When we moved to a new hosting facility ~5 years ago, I went with just a single public IP as well. It's worked fairly smoothly. We use a loadbalancer to decide the real destination and forward the traffic on to the actual servers handling the requests. This has worked flawlessly and I'd definitely go that route again in the future.
I always wonder just how much can a single load balancer do? Even if it is just forwarding request/replies, at something like hundreds of thousands of queries per second how does it work?
First of all, you’ll be amazed at what hardware load balancers can do.
Secondly, if you want you can still have multiple load balancers listen to a single IP; it’s a bit more tricky to pull that off with HTTP load balancing rather than just network load balancing, but not impossible.
Unimog is key to making the deployment described in the paper work.
Another way of thinking about this is that we have a single virtual load balancer (backed by all the physical machines in the DC) sitting in front of services that transform/terminate/filter/etc customer traffic.
Thanks!

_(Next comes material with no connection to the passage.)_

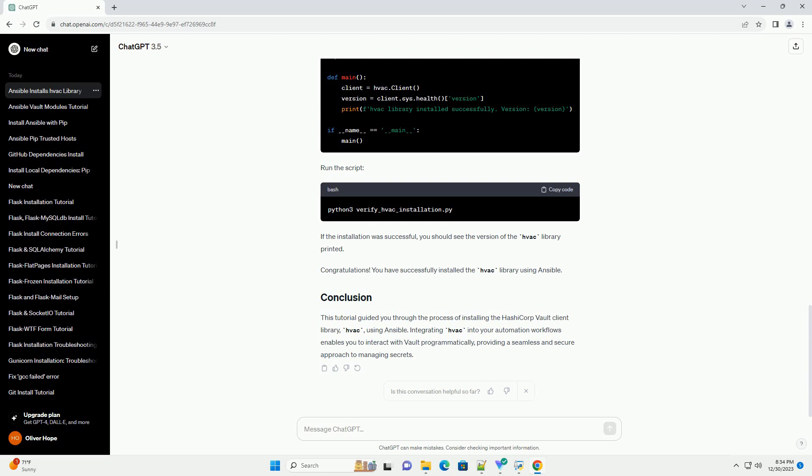To verify that the HVAC library is installed, you can create a simple Python script that imports the library and prints its version. Create a file named verify-hvac-installation.py, run the script. If the installation was successful, you should see the version of the HVAC library printed.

I am more curious about the physical aspect of it. How do you get multiple switches to share an IP? What determines with switch forwards the packets? Like, simply, what wires connect to what?
Your switches run a routing protocol (almost always BPG) and your load balancers all announce the same IP to them. This results in a routing table with many next hops for the LB IP, and traffic is distributed across them using ECMP, typically with some resilient hashing scheme so that a given flow will always go to the same physical LB, even if there are topology changes due to LB or switch failures.
At the edges, your switches or border routers announce the IP to all your peers and transit ISPs.
Yes, this. The beauty of the Unimog setup we run in production is we are resilient to ECMP rehash events — each server acting as a load balancer has access to state (backed by Consul) that tells it which flow belongs to which application server.